> Source material:
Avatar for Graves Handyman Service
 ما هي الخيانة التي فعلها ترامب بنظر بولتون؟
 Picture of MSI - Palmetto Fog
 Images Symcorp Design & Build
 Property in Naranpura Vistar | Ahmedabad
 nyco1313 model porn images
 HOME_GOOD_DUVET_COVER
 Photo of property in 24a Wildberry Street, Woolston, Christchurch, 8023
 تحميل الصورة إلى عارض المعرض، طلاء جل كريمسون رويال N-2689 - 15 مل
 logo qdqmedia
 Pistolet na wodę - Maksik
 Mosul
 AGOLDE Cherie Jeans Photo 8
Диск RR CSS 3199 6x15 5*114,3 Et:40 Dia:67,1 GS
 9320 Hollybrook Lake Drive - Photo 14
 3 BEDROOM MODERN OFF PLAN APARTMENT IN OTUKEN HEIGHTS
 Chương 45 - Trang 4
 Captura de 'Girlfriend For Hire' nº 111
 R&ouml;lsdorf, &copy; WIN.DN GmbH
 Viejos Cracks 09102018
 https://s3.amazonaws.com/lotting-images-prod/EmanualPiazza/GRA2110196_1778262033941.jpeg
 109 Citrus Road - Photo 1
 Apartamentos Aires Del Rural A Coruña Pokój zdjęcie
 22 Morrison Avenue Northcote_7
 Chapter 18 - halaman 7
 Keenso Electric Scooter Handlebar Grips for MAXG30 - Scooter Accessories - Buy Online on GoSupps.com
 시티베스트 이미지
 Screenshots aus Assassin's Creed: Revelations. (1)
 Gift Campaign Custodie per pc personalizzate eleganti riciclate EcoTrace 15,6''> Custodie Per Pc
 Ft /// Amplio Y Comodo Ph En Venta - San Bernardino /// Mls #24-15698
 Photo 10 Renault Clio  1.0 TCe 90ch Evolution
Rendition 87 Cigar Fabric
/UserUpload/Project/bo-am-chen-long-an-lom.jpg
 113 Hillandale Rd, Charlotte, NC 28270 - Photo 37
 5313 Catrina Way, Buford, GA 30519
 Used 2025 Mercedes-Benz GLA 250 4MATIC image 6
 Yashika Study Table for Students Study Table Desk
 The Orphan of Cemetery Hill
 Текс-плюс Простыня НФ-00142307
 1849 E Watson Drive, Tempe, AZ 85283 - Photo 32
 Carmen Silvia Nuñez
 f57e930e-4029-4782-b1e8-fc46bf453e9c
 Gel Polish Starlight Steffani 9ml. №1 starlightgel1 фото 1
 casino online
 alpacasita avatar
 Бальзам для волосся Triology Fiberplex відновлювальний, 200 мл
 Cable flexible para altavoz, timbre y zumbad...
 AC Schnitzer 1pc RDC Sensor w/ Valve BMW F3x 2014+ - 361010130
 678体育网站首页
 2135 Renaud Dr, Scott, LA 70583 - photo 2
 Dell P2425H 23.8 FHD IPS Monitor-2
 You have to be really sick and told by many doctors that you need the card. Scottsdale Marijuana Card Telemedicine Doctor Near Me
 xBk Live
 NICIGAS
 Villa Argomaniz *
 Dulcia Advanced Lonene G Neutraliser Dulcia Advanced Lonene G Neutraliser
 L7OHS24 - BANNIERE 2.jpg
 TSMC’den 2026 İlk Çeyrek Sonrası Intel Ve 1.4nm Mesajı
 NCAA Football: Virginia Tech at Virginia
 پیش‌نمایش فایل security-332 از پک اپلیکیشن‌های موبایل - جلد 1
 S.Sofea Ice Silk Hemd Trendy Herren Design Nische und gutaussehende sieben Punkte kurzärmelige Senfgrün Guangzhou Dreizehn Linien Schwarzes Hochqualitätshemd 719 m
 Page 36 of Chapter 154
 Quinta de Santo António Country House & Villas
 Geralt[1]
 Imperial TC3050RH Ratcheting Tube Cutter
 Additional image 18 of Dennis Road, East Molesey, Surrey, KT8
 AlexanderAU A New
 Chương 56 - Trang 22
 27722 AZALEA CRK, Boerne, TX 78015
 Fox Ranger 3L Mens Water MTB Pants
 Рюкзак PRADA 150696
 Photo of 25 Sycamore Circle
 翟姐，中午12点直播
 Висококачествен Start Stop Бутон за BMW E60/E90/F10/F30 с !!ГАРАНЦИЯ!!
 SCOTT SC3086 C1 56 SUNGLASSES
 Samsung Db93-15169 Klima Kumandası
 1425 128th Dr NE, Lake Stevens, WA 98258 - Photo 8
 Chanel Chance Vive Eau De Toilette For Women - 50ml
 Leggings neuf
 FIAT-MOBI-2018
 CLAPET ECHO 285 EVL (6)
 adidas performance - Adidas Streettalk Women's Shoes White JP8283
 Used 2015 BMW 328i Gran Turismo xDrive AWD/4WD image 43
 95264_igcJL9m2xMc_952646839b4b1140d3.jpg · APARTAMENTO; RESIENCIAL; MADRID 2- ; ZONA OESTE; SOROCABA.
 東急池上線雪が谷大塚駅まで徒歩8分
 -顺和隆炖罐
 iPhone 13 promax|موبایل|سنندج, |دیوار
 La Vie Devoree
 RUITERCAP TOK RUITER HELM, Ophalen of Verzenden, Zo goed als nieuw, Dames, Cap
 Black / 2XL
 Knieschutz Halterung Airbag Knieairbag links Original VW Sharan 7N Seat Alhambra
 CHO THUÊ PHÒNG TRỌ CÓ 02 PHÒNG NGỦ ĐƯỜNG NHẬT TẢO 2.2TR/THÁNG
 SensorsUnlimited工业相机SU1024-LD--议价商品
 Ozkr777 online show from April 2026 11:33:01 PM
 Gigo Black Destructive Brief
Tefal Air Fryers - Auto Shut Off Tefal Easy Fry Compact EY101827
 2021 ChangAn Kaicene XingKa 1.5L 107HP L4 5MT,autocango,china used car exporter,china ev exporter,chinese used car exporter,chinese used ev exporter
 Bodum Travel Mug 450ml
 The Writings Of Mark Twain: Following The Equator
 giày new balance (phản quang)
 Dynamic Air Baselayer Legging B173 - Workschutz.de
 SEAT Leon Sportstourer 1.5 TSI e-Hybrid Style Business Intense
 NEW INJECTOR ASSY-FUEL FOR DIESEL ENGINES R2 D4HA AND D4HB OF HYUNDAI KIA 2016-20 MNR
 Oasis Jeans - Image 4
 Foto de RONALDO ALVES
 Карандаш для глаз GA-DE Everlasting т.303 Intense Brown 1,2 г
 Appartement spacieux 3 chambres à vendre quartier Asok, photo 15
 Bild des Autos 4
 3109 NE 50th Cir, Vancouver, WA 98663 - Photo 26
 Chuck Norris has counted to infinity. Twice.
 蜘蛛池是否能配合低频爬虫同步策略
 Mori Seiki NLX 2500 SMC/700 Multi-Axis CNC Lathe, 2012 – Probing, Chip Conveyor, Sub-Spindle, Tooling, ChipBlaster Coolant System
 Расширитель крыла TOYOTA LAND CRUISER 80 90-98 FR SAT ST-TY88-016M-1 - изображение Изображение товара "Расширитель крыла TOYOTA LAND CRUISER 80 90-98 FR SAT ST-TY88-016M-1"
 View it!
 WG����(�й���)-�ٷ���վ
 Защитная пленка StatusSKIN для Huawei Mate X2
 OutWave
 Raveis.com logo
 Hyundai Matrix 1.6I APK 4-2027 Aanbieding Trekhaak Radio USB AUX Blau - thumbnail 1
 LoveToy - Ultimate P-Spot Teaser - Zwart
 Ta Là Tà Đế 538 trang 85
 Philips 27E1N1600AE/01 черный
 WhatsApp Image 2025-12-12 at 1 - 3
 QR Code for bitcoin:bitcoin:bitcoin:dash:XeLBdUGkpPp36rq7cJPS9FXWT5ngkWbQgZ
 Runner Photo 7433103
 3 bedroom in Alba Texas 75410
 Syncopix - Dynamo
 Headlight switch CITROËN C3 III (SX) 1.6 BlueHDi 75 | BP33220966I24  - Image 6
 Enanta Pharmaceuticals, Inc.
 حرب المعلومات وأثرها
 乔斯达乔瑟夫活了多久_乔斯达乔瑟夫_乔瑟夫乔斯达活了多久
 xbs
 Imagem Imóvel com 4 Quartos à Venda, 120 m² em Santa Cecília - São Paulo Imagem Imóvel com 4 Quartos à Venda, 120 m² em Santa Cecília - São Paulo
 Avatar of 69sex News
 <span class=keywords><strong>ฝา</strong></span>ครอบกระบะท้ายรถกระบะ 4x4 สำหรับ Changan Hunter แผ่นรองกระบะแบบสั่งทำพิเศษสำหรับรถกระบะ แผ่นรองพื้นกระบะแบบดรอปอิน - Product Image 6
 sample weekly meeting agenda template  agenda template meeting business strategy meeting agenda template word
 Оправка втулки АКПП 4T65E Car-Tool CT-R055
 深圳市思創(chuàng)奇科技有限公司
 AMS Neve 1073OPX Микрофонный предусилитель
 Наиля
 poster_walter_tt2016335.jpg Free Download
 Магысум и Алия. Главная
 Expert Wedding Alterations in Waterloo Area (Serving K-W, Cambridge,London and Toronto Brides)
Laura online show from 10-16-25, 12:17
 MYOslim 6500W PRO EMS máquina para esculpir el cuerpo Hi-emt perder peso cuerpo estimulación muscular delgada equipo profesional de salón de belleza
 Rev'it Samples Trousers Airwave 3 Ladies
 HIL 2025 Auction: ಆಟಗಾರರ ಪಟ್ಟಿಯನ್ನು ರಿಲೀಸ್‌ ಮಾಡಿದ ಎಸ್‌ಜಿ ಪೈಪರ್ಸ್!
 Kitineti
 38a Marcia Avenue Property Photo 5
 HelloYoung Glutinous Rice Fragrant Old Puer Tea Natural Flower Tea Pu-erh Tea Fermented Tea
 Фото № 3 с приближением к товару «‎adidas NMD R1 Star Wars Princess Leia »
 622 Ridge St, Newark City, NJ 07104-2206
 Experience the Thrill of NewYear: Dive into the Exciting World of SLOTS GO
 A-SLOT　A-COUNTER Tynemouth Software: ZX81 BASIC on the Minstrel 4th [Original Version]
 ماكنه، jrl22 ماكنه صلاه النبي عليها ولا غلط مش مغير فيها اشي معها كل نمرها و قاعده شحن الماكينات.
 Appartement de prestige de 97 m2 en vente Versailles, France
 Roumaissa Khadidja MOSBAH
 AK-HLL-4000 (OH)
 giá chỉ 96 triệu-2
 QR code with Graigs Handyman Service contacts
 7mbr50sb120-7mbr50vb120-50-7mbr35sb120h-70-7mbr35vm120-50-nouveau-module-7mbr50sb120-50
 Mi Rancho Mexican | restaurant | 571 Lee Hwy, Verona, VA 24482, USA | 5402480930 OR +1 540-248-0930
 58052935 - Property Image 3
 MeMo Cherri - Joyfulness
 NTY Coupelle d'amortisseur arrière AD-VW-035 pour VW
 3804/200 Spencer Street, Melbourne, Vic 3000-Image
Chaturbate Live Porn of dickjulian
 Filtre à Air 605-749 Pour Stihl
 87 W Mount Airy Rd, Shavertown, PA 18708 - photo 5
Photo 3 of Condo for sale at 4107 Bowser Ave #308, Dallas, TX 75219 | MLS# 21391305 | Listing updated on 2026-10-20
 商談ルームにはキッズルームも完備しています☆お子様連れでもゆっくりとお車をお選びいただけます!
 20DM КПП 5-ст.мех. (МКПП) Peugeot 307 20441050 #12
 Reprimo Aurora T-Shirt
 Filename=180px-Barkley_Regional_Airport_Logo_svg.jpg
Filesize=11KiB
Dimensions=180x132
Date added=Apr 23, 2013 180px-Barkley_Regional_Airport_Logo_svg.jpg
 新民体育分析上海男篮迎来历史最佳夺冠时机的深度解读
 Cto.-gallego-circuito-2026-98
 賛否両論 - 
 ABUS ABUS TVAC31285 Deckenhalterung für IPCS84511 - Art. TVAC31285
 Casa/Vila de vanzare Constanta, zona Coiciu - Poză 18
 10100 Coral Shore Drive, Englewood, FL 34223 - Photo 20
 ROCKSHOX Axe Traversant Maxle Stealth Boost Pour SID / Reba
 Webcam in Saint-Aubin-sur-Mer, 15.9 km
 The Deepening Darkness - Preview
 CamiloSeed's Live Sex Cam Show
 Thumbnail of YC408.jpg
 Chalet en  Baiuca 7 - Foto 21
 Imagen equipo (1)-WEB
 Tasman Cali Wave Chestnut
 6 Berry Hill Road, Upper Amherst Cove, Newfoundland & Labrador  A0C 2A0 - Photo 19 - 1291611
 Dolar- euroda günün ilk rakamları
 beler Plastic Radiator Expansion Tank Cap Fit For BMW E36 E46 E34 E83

> Exercise: Once you find the line containing "casino online", stop: reproduce exactly that line and every line of the data before it, and nothing else.

> Result below:
Avatar for Graves Handyman Service
 ما هي الخيانة التي فعلها ترامب بنظر بولتون؟
 Picture of MSI - Palmetto Fog
 Images Symcorp Design & Build
 Property in Naranpura Vistar | Ahmedabad
 nyco1313 model porn images
 HOME_GOOD_DUVET_COVER
 Photo of property in 24a Wildberry Street, Woolston, Christchurch, 8023
 تحميل الصورة إلى عارض المعرض، طلاء جل كريمسون رويال N-2689 - 15 مل
 logo qdqmedia
 Pistolet na wodę - Maksik
 Mosul
 AGOLDE Cherie Jeans Photo 8
Диск RR CSS 3199 6x15 5*114,3 Et:40 Dia:67,1 GS
 9320 Hollybrook Lake Drive - Photo 14
 3 BEDROOM MODERN OFF PLAN APARTMENT IN OTUKEN HEIGHTS
 Chương 45 - Trang 4
 Captura de 'Girlfriend For Hire' nº 111
 R&ouml;lsdorf, &copy; WIN.DN GmbH
 Viejos Cracks 09102018
 https://s3.amazonaws.com/lotting-images-prod/EmanualPiazza/GRA2110196_1778262033941.jpeg
 109 Citrus Road - Photo 1
 Apartamentos Aires Del Rural A Coruña Pokój zdjęcie
 22 Morrison Avenue Northcote_7
 Chapter 18 - halaman 7
 Keenso Electric Scooter Handlebar Grips for MAXG30 - Scooter Accessories - Buy Online on GoSupps.com
 시티베스트 이미지
 Screenshots aus Assassin's Creed: Revelations. (1)
 Gift Campaign Custodie per pc personalizzate eleganti riciclate EcoTrace 15,6''> Custodie Per Pc
 Ft /// Amplio Y Comodo Ph En Venta - San Bernardino /// Mls #24-15698
 Photo 10 Renault Clio  1.0 TCe 90ch Evolution
Rendition 87 Cigar Fabric
/UserUpload/Project/bo-am-chen-long-an-lom.jpg
 113 Hillandale Rd, Charlotte, NC 28270 - Photo 37
 5313 Catrina Way, Buford, GA 30519
 Used 2025 Mercedes-Benz GLA 250 4MATIC image 6
 Yashika Study Table for Students Study Table Desk
 The Orphan of Cemetery Hill
 Текс-плюс Простыня НФ-00142307
 1849 E Watson Drive, Tempe, AZ 85283 - Photo 32
 Carmen Silvia Nuñez
 f57e930e-4029-4782-b1e8-fc46bf453e9c
 Gel Polish Starlight Steffani 9ml. №1 starlightgel1 фото 1
 casino online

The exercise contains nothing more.